For the listing below, output exactly the lines from the line with "spare room featuring a ceiling fan" up to and including the line with "Gold plated ruby", and no other lines.

» RECORDS SUPPLIED
- - - -
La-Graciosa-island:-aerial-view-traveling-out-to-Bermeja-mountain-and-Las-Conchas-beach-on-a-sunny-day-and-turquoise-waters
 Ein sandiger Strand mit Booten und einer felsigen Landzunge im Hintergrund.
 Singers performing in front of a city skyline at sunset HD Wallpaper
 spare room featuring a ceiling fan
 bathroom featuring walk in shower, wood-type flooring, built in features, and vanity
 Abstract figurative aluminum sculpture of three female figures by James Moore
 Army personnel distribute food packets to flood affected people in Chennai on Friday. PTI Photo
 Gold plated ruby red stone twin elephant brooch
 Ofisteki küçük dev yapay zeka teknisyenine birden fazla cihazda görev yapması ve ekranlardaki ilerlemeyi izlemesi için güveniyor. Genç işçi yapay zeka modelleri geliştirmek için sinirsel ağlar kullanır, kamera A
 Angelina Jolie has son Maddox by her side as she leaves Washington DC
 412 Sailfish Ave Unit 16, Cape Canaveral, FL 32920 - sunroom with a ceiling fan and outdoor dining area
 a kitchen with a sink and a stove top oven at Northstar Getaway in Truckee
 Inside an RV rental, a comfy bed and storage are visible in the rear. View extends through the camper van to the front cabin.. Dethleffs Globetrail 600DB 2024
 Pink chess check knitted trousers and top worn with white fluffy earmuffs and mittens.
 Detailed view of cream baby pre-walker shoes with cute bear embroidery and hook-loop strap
- - - -
» ANSWER BELOW
 spare room featuring a ceiling fan
 bathroom featuring walk in shower, wood-type flooring, built in features, and vanity
 Abstract figurative aluminum sculpture of three female figures by James Moore
 Army personnel distribute food packets to flood affected people in Chennai on Friday. PTI Photo
 Gold plated ruby red stone twin elephant brooch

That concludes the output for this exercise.